Any picture in the data below gets skipped; print all the rest exactly.

(Supplied data)

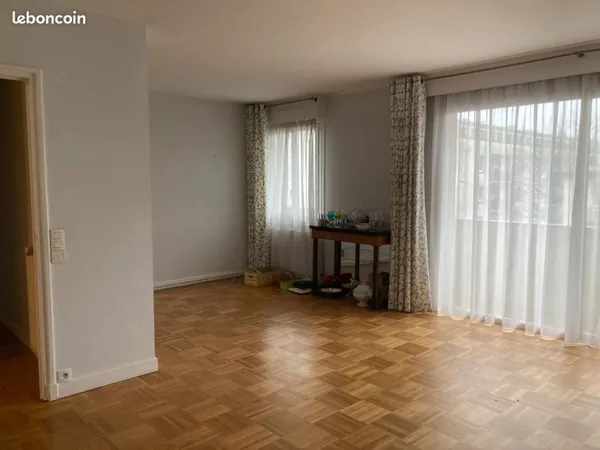 APPARTEMENT T5, 106 m2, plein centre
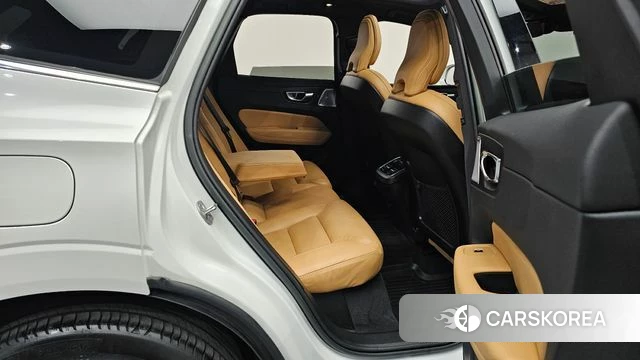 Volvo XC60 second Generation 2023 Белый из Кореи, фото 2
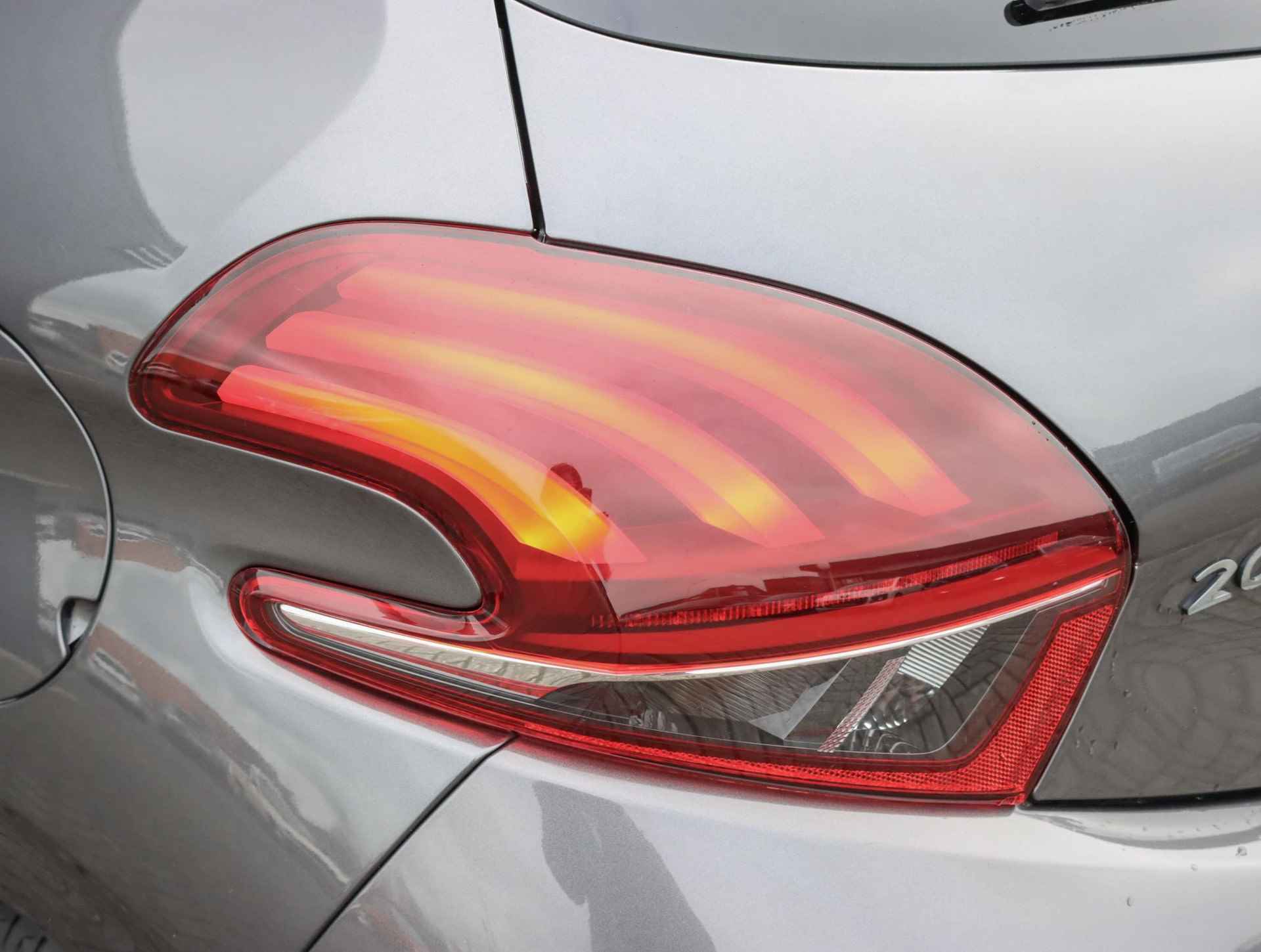 Peugeot 208 1.2 110 PK Tech Edition | Parkeersensoren | LED | Airco - 35/40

(End Supplied data)

| Result of the task |
 APPARTEMENT T5, 106 m2, plein centre
 Volvo XC60 second Generation 2023 Белый из Кореи, фото 2
 Peugeot 208 1.2 110 PK Tech Edition | Parkeersensoren | LED | Airco - 35/40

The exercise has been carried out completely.